A little beach on Vail Lake.  

We BBQ’d, the girls played in the water, then in the sand, then in the water.  I took a book, realizing I wasn’t in the mood to learn about parenting, I was in the mood to relax, so I put the book down.  I took pictures, I laid in the sun.  We must have said a couple of times, “I can’t believe we haven’t done this sooner”, and “I can’t believe this is 10 minutes from home”.  

And for the first time in the 4.5 years that I have been a mom, I relaxed while the girls played.

Hmm. That didn’t read like I meant it to, to write. Because they play, and I get bits and chunks of relaxation during most, how can I get the point across...

No chores, no dishes, no cooking.  All the food we had was in the cooler, so help yourself.  The girls were in my constant field of vision.  They swam but it was shallow enough for far enough out that they didn’t need their floaties.  They met new kids.  I wasn’t worried, because there, at Goose Bay, there was nothing to worry about.  No that’s not the truth: I did worry when the girls went out into the water a bit farther than my comfort, but hubbs, who is better at these things than I am, said, “they won’t go farther than they are comfortable with”.  Then, I heard May say, “come on Hadz, it’s getting too deep”.  So then I didn’t worry.  No that’s not the truth: I worried Rich would see the smirk on my face as if to say, “Damn, he’s right”. I’m pretty sure I pulled it off as if my back needed some sun and just turned over.  
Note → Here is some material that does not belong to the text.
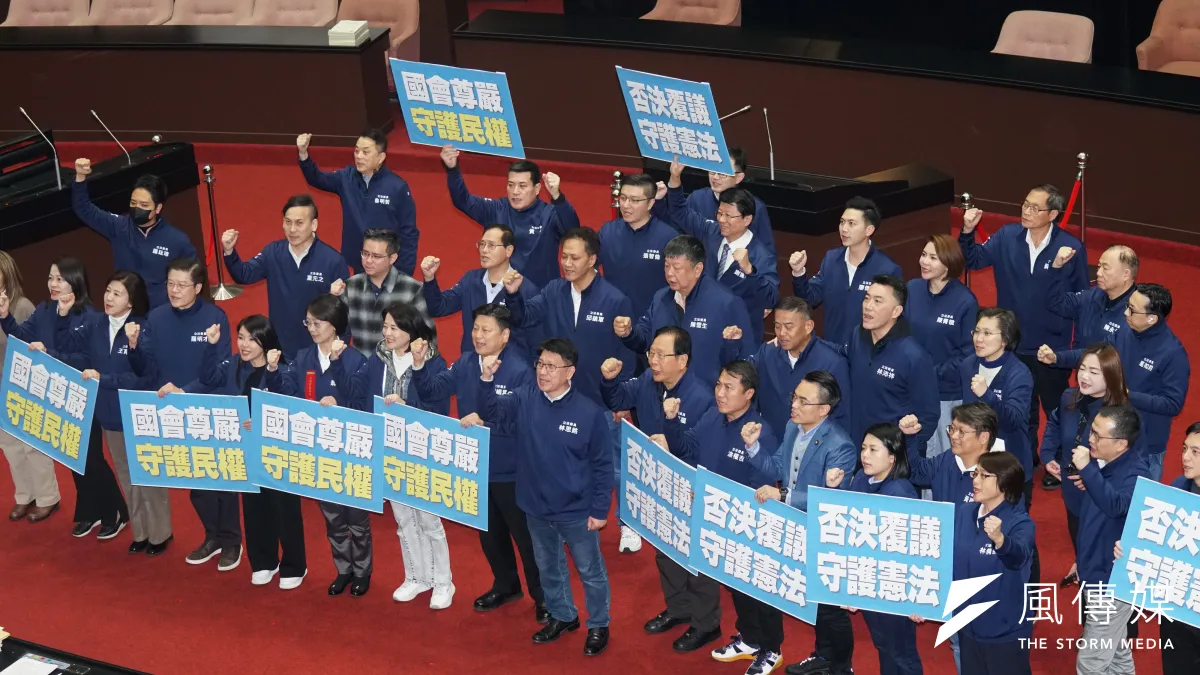 憲訴法瑕疵不少,但大法官以錯誤糾正錯誤,只會讓台灣憲政落入悲劇一場。圖為立法院憲法訴訟法修正條文覆議案未過,國民黨立委表示肯定。(蔡親傑攝)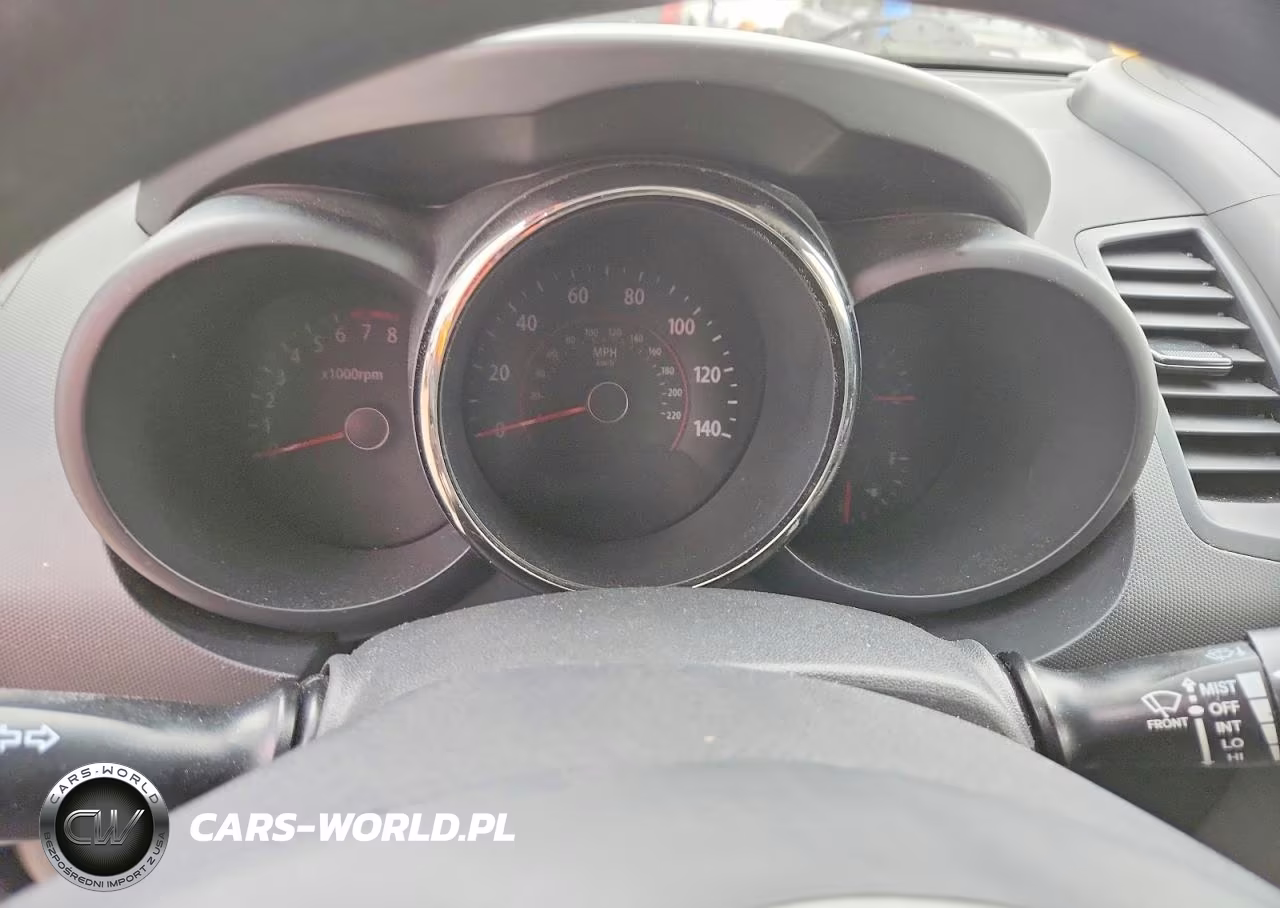 2010 Kia Soul + VIN:KNDJT2A28A7704270 - 9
And as the sun set behind the hills, Rich started a fire.  May built a wood sculpture.  The clouds started to creep in and I started to worry that we wouldn’t get to see the Super Moon. 

We headed home.  

"How are we going to get back home, Dad?"

"How will we remember how to get here again?"

Ice cream first.  Dirty feet and sunscreen-greased hair, we didn’t seem to care.  Pink clouds puffed up as the sun set in the background, I still didn’t see the moon like I had this time the evening prior.  “I bet it pops up over the hills tonight”, he said, as if to have mind-read my concern.


Sand filled the bath, sun kissed faces met cool pillows.

“Thank you for the fun day” was our collective gratitude. 

Turns out they shut the beach down that following week.  It really was too good to be true.  But it was a small piece of peace that was just what I needed without knowing I needed it.  

And as the Super Moon rose that night, over the hills like he said it would, I went outside to take pictures of it, and stopped a minute to take it in, with a smirk, again.